• **WHAT NEEDS TO BE DONE**
Pictures stay out of the copy. Retype exactly the lines below from the one with "Animal Plush Toy" through the one with "Квартира 24,4 м², студия - изображение 3".

• **EXERCISE INPUTS**
# # # # #

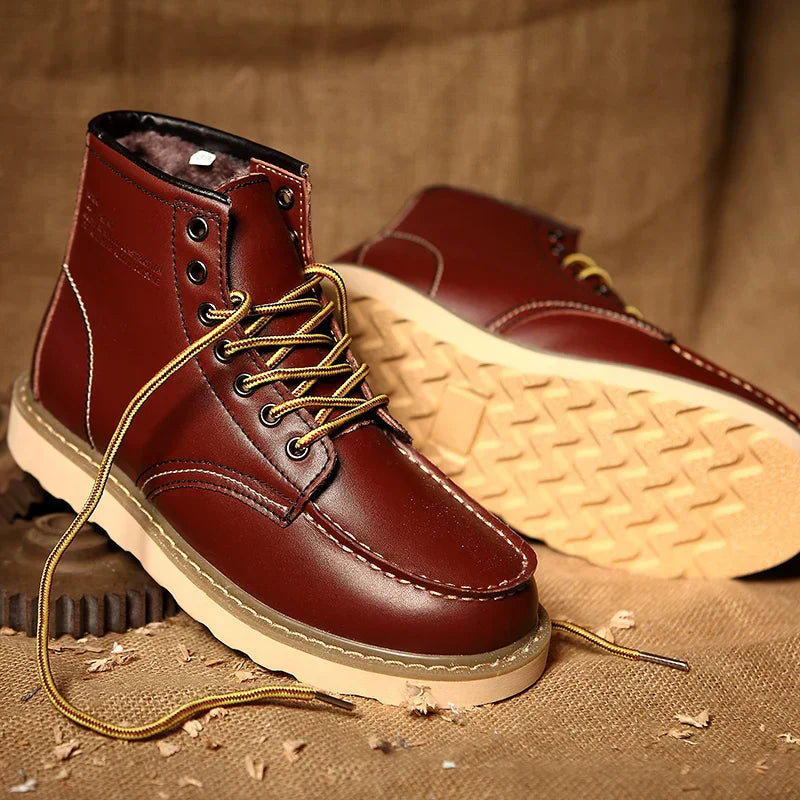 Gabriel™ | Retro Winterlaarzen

# # # # #

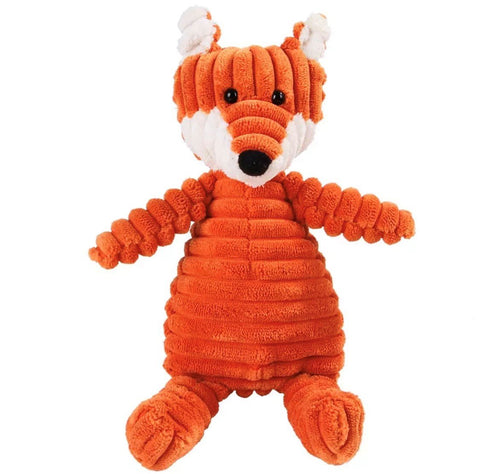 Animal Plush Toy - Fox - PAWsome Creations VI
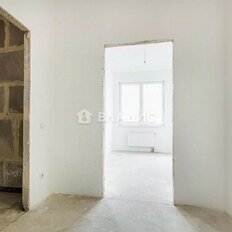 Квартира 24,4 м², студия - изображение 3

# # # # #

• **SOLUTION FOR THIS TASK**
 Animal Plush Toy - Fox - PAWsome Creations VI
 Квартира 24,4 м², студия - изображение 3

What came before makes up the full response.